近日，复旦大学谭鹏团队研究了复杂晶格的双对称引导组装。2026年4月1日，《自然》杂志发表了这一成果。

结合低阶与高阶旋转对称性的复杂晶格是多种功能材料的基础，涵盖从kagome超导体、拉胀机械网络到具有拓扑保护态的光子晶体。然而，组装此类结构通常需要各向异性的颗粒形状、定向键合或完全施加的模板，这些方法往往受到严重的动力学阻碍和缺陷俘获的限制。

研究组引入一种双对称引导（DSG）原理，该原理利用了目标拼砌的几何自对偶性。通过将结构分解为两个相互对偶的低对称性子晶格，并在胶体单层中仅用光阱稀疏地钉扎其中一个子晶格，另一个互补性子晶格便能通过纯各向同性排斥相互作用自发自组织，从而重构出完整的晶格。利用这种最小引导策略，研究组实验上实现了一类广泛的复杂阿基米德晶格以及二维准晶结构，并通过模拟加以验证。

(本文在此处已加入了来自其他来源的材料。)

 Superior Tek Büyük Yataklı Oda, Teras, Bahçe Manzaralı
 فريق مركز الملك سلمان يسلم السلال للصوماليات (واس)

DSG揭示了晶格依赖的热稳定性，同时保持可供移动粒子使用的连通自由体积，从而即使在强钉扎条件下也能实现有效的缺陷弛豫和动力学上可行的组装。他们表明，完全钉扎对应于DSG的一个特殊极限情况，并且在DSG框架内重新表述传统模板方案能够系统地降低动力学势垒并抑制缺陷形成。通过将结构复杂性与相互作用各向异性解耦，DSG为制备具有可编程结构和物理性质的复杂对称材料提供了一条通用且实验上可行的途径。

附：英文原文

Title: Dual-symmetry-guided assembly of complex lattices

Author: Fang, Huang, Li, Xiaotian, Sun, Wensi, Wang, Chengxin, Chen, Nuo, Gan, Yining, Huang, Jiping, Ma, Yuqiang, Tanaka, Hajime, Tan, Peng

Issue&Volume: 2026-04-01

Abstract: Complex lattices that combine low- and high-order rotational symmetries underpin functional materials ranging from kagome superconductors1,2,3 to auxetic mechanical networks4 and photonic crystals with topologically protected states5,6,7. However, assembling such structures typically requires anisotropic particle shapes, directional bonding or fully imposed templates8,9,10,11, which often suffer from severe kinetic frustration and defect trapping. Here we introduce a dual-symmetry-guided (DSG) principle that exploits the geometric self-duality of a target tiling. By decomposing the structure into two mutually dual sublattices of lower symmetry and sparsely pinning only one sublattice using optical traps in a colloidal monolayer, the complementary sublattice spontaneously self-organizes through purely isotropic repulsive interactions, thereby reconstructing the full lattice. Using this minimal guidance strategy, we experimentally realize, and corroborate with simulations, a broad class of complex Archimedean lattices as well as two-dimensional quasicrystalline structures. DSG reveals lattice-dependent thermal stability while preserving interconnected free volume for mobile particles, enabling efficient defect relaxation and kinetically accessible assembly even under strong pinning conditions. We show that full pinning corresponds to a special limiting case of DSG, and that reformulating conventional templating protocols within the DSG framework systematically reduces kinetic barriers and suppresses defect formation. By decoupling structural complexity from interaction anisotropy, DSG provides a general and experimentally accessible route to complex-symmetry materials with programmable structural and physical properties.

DOI: 10.1038/s41586-026-10364-3

Source: https://www.nature.com/articles/s41586-026-10364-3